Design a solid steel shaft to transmit 14 hp at a speed of 2400rpm f the allowable shearing stress is given as 3.5 ksi.

Answer 1

Answer:

 Is required a 0.8 inches diameter steel shaft.

Explanation:

With the power P and the rotating speed n (RPM), we can find the torque applied:

T = P/N

Before calculating the torque, we convert the power and rotating speed units:

$P = 14\ HP * 550\ \frac{\frac{lb.ft}{s}}{HP} *\frac{12\ in}{ft} = 92400\ \frac{lb.in}{s}$

$n=2400\ RPM .\frac{2\pi/60\frac{rad}{s}}{RPM}= 251\frac{rad}{s}$

Replacing the values, the torque obtained is:

$T = \frac{92400\ lb.in/s}{251\ rad/s} = 368\ \ lb.in$

Then the maximum shearing stress will be located at the edge of the shat at the Maximus radius:

$Smax =\ \frac{T.R}{J}$

Here J is the moment of inertia and R a radius. For a solid shaft, it is calculated by:

$J =\frac{\pi.D^4}{32}$

Where D is shaft's diameter.

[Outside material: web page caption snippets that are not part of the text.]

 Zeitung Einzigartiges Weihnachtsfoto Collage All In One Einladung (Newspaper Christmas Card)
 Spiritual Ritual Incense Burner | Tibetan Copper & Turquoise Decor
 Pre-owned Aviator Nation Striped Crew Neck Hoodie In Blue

Replacing the expression of J in

$Smax =\frac{T.R}{\frac{\pi.D^4}{32}}$

As the radius is half of the diameter:

$Smax =\frac{T.D}{\frac{2*\pi.D^4}{32\\} } = \frac{16T}{\pi.D^3}$

For the maximum stress of 3.5 ksi (3500 psi = 3500\ lb/in^2) and the calculated torque:

$Smax = \frac{16.368\ lb.in}{3500\ lb/in^2*\pi.D^3}$

Solving for D:

$D =\sqrt[3]{16.368\ lb.in / (3500\pi\ lb/in^2)}} = 0.8\ in$